Scientific classification
- Kingdom: Animalia
- Phylum: Chordata
- Class: Reptilia
- Order: Squamata
- Suborder: Iguania
- Family: Tropiduridae
- Genus: Microlophus
- Species: M. occipitalis
- Binomial name: Microlophus occipitalis (Peters, 1871)
- Synonyms: Laemopristus occipitalis - Peters, 1871; Tropidurus (Laemopristis) occipitalis - Peters, 1871; Aneuoporus occipitalis - Bocourt, 1874; Craniopeltis occipitalis - Cope, 1876; Tropidurus bocourtii - Boulenger, 1885; Tropidurus occipitalis — Boulenger, 1885; Tropidurus tschudii - Roux, 1907; Tropidurus continentalis - Müller, 1924;

= Microlophus occipitalis =

- Genus: Microlophus
- Species: occipitalis
- Authority: (Peters, 1871)
- Conservation status: LC
- Synonyms: Laemopristus occipitalis - Peters, 1871, Tropidurus (Laemopristis) occipitalis - Peters, 1871, Aneuoporus occipitalis - Bocourt, 1874, Craniopeltis occipitalis - Cope, 1876, Tropidurus bocourtii - Boulenger, 1885, Tropidurus occipitalis — Boulenger, 1885, Tropidurus tschudii - Roux, 1907, Tropidurus continentalis - Müller, 1924

Species of lizard

Microlophus occipitalis, colloquially known as the knobbed Pacific iguana, is a lizard included within the Tropiduridae family. It is a member of the Microlophus genus and thus also considered a lava lizard. The knobbed Pacific iguana is found primarily in Western Peru and Ecuador, lining the coasts. The habitats of the knobbed Pacific iguana can be considered to be both broad and diverse as they are typically found in many different places such as beaches, lomas, and all the way to desert regions. This diversity is furthered as these lizards can also be found in open areas, between rocks, or bushes.

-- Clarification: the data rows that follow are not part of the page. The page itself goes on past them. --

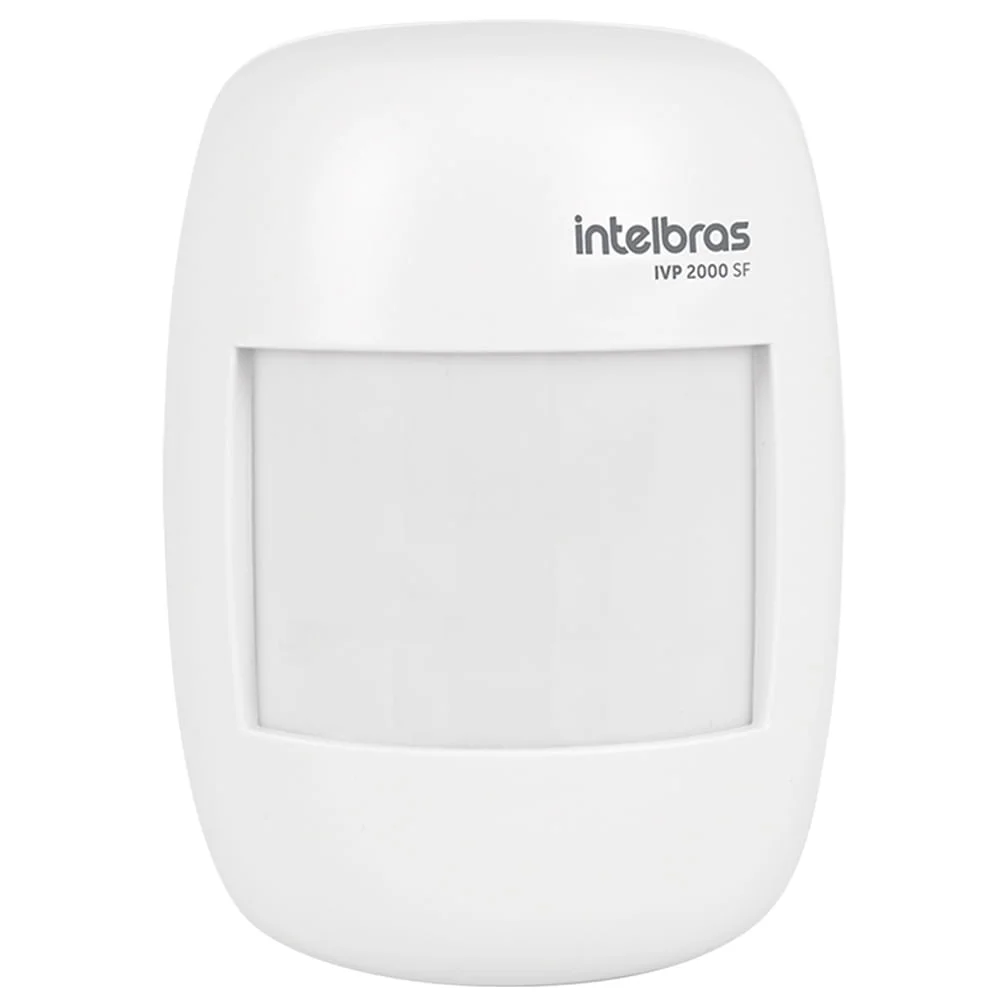 Sensor De Presença Intelbras Infravermelho Sem Fio, Detecção Até 12M - IVP 2000 SF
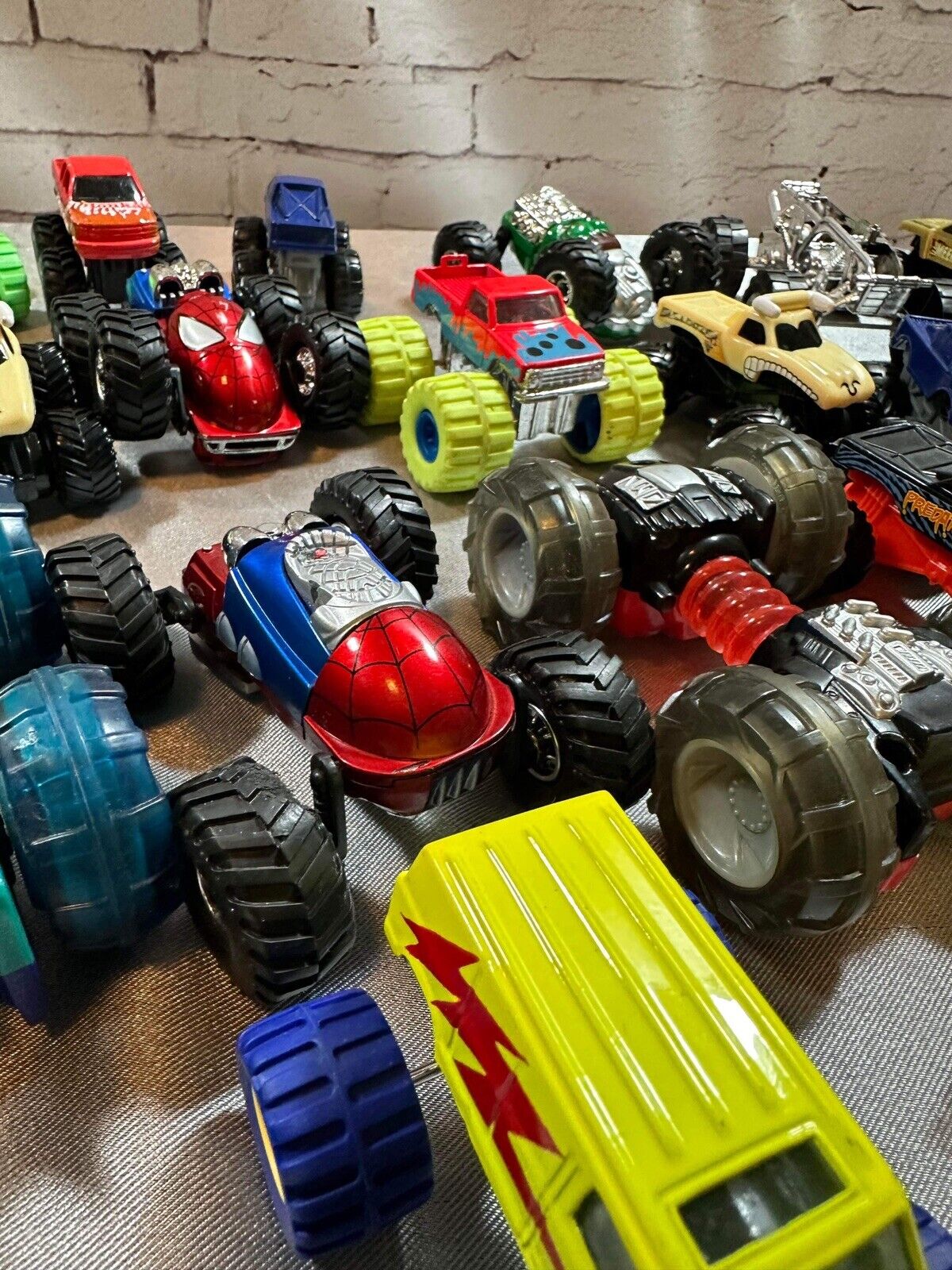 Vintage Lot Of 24 Monster Toy Trucks - Various Brands & Years VTY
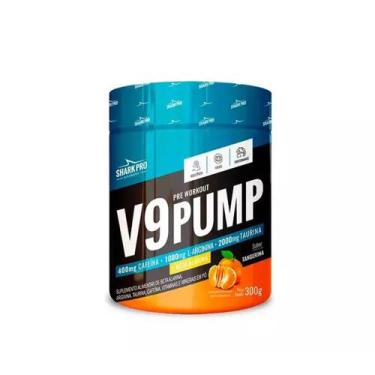 Imagem de V9 Pump Pre Treino 300g Tangerina - Sharkpro Suplementos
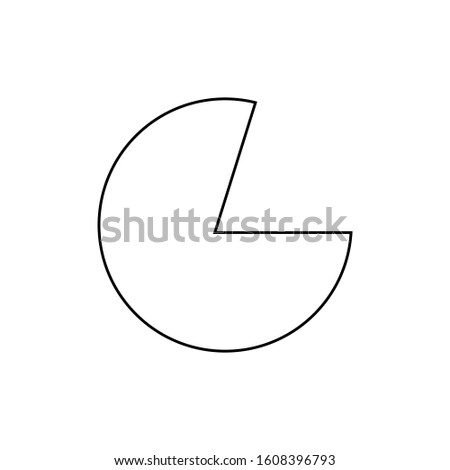 Graph pie icon. Business finance symbol. Logo design element
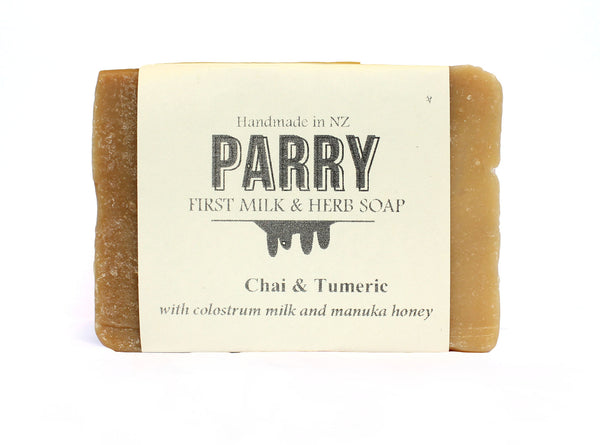 Chai & Tumeric - Sensitive skin friendly, Parry Soap, New Zealand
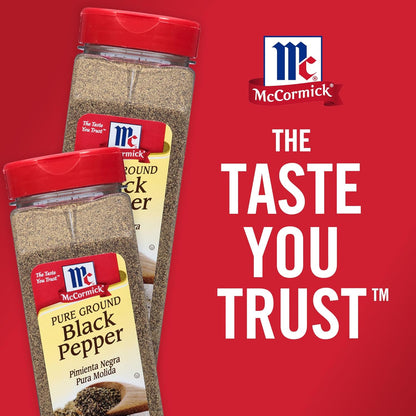 McCormick Pure Ground Black Pepper – High-Volume 6-Pack for Meal Prep Pros, Weekly Cooking Efficiency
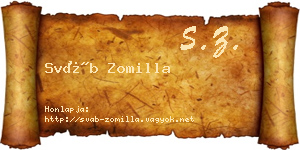 Sváb Zomilla névjegykártya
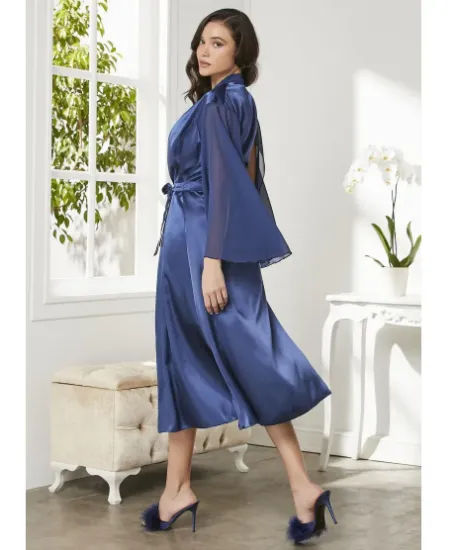Image de Ensemble De Chemise De Nuit Satinée Pierre Cardin 4375-4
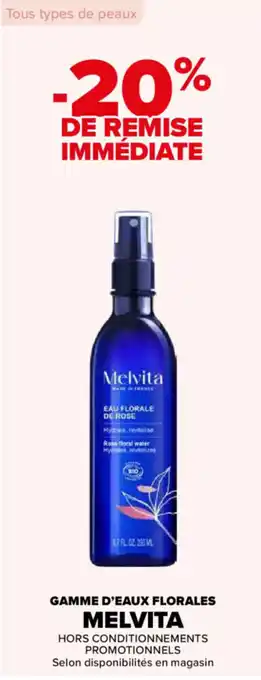 Melvita gamme d'eaux florales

The knobbed Pacific iguana displays distinct sexual dimorphism as seen by the different sizes and appearances of the male and females. Males are significantly larger and as a whole species, knobbed Pacific iguanas can range from 50–80 mm in snout-vent length. The two sexes also possess different coloration with males most often lacking color and females having a range of red to white lateral neck folds. These varying colors play a role in a prominent feature of knobbed Pacific iguanas in that these different shades can represent distinct stages of reproduction and signal information to mates.

Like most other lizards, the knobbed Pacific iguana is cold-blooded and relies on basking and other strategies of thermoregulation to maintain an ideal body temperature.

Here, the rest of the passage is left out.